CardFountain Greetings ( new talking cards! )
The latest in e-card technology! CardFountain has created and designed a flash powered talking e-card system. Using text-to-speech technology, you can type what you want the card to say, and our entertaining characters do the rest.
Ecards- for more information.
This is for Marion in Long Beach MS who has lost her Sweet
Potato Casserole recipe.
Sweet Potato Casserole
2 17oz. cans of sweet potatoes- drained
1 20oz. can crushed pineapple- drained
2 well beaten eggs
1/2 c. brown sugar
2 Tbs. melted butter
2 tsp. pumpkin pie spice
Blend together well, turn into buttered casserole dish. Bake 350º for 30
mins. Top with marshmallows, bake for approx. 5 mins.
I make this every holiday and there is never any left, even the kids like
it.
Nancy in Virginia Beach
Could some one please repost the recipe for Chicken in a Jug? I could
not find it in the archives.
Thank you, Carol
Hi Nancy, hope your feeling better.
Our Church has a Hanging of the Greens where we decorate for
Christmas and I have been asked to oversee preparing about 200 Homemade
Cinnamon Rolls, hot chocolate and coffee. Would love to have some real
good recipes and any ideas on how to make hot chocolate for a crowd. I
have had some rather nasty hot chocolate at gatherings and I know you will
have some ideas.
Thanks loads. Wisemama
I see all these recipes calling for just an egg yolk. how do you
get the yolk from the white without breaking it? is there some kind of
gizmo that you can buy that does that? even tho I have been cooking for
years, whenever I see a recipe that calls for just a yolk, or just whites,
I just pass it up. would love any ideas.
thanks, Nedra in VA
Hi Nancy, this is in answer to the question that Linda Boyles, of
Fairborn OH sent in. I'm not sure what song she's talking about, but,
eating cornbread and chicken, sounds like a Southern tradition, to
me. It might be, also, that the singer means eating the cornbread and
chicken at different times and not necessarily at the same meal, which is
something we here in Alabama do, also. However, there's nothing better
than sitting down to a meal of baked chicken with cornbread dressing, or
good ole southern fried chicken with cornbread muffins. Though, rolls are
good too. I think the thing about cornbread and chicken may also have to
do with economics. Chicken used to be a very inexpensive dish and
cornbread was cheap to make, so some folks would (and still do,
especially in small southern towns) combined the two when they sat down to
the dinner table for an economical meal. By the way, I didn't think your
question was silly, I think cultural food traditions can be very
interesting to read about.
MAH from Alabama
Thanks for all the request for our Church cookbook. I do not take the
orders. You have to order directly to the church. The name of the cookbook
is: The Sanctuary's Tasty Recipes, which is a three ring hard back
binder with a cookbook holder to hold your cookbook while cooking, and
tabs for easy finding. The book sells for $12.00 plus $5.00 shipping. Send
you check, cashier check or money order to:
The Sanctuary,
302 Byrd Rd.
Evans, Ga. 30809.
Be sure and write Sanctuary's Tasty Recipes on your check.

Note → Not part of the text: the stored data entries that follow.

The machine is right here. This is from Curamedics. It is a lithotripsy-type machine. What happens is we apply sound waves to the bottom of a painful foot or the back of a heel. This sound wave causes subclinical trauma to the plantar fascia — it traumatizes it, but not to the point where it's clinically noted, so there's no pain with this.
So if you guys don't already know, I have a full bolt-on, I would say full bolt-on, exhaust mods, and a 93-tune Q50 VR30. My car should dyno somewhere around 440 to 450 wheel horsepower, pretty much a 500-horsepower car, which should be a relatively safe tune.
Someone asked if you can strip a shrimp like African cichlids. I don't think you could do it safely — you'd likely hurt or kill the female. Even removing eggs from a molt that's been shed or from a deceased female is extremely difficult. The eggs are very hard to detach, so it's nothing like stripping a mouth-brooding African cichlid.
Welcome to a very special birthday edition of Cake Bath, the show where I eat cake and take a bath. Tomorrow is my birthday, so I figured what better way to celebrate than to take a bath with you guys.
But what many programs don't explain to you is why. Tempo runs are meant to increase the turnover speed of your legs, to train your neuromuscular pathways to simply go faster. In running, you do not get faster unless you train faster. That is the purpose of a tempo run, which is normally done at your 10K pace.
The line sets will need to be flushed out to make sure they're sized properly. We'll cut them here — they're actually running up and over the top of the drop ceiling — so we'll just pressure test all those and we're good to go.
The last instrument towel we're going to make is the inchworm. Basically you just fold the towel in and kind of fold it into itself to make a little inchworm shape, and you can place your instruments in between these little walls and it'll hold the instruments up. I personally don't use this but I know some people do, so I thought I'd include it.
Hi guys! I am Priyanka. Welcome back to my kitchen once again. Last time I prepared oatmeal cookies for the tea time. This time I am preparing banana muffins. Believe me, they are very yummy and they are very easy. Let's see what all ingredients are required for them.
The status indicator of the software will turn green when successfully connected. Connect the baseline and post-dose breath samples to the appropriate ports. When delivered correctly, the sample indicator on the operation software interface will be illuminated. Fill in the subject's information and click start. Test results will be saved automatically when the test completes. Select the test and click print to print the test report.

$12.00 plus $5.00 shipping.
I appreciate all the request we are getting and I think you will see
that the cookbook is beautiful and has a lot of Nancy's Kitchen recipes
with acknowledgement of the group. If you are ordering more than one book,
I am sure you would get a better price instead of $5.00 shipping for each
book. I will check on this and let you know.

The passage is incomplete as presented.